* _Problem statement_
Please transcribe only the lines that run from the line bearing "Im Just Here" to the end of the entries, keeping both end lines. Skip the pictures.

◆ ◆ ◆ ◆

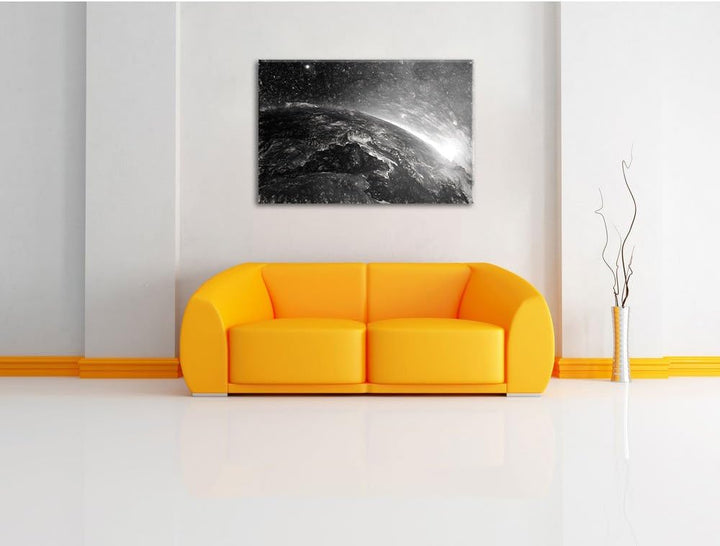 Pixxprint Erde im Weltall als Leinwandbild/Grösse: 100x70 / Wandbild/Kunstdruck/fertig bespannt, 100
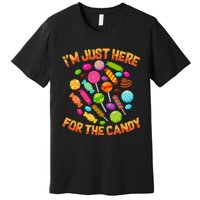 Im Just Here For The Candy Funny Halloween Pun Premium T-Shirt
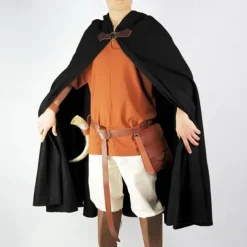 Retro Vintage Medieval 17th Century Cape Cloak Knight Ritter Viking Outlander Archery Fancy Dress Men's Celtic Viking Fantasy Masquerade Party / Evening Adults Cloak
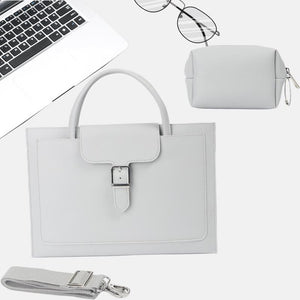 NNEDSZ 15-inch Waterproof Laptop Bag with Power Pack - Portable - Light Grey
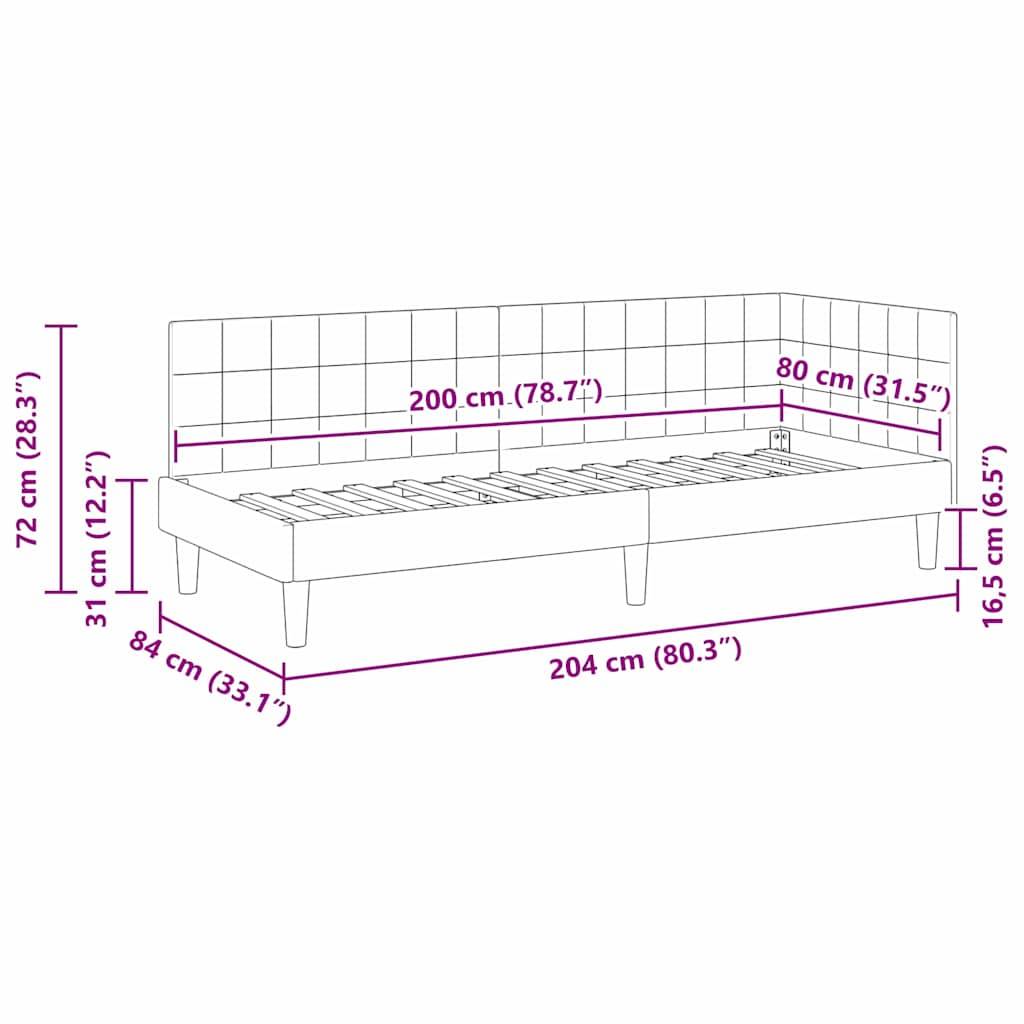 vidaXL Eckbettgestell mit Kopfteil Dunkelgrau 80 cm x 200 cm Samt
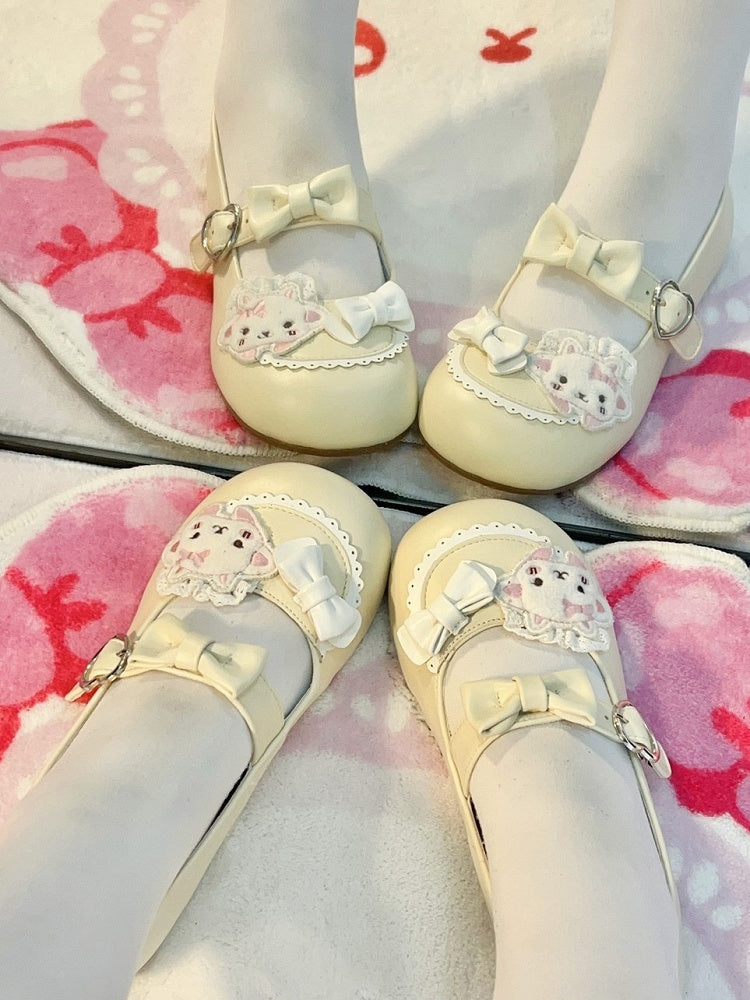 Toe Round Patches Flat with Sheep Yellow Janes Lolita Lace-trimmed Sweet Creamy Mary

◆ ◆ ◆ ◆

* _Task solution_
 Im Just Here For The Candy Funny Halloween Pun Premium T-Shirt
 Retro Vintage Medieval 17th Century Cape Cloak Knight Ritter Viking Outlander Archery Fancy Dress Men's Celtic Viking Fantasy Masquerade Party / Evening Adults Cloak
 NNEDSZ 15-inch Waterproof Laptop Bag with Power Pack - Portable - Light Grey
 vidaXL Eckbettgestell mit Kopfteil Dunkelgrau 80 cm x 200 cm Samt
 Toe Round Patches Flat with Sheep Yellow Janes Lolita Lace-trimmed Sweet Creamy Mary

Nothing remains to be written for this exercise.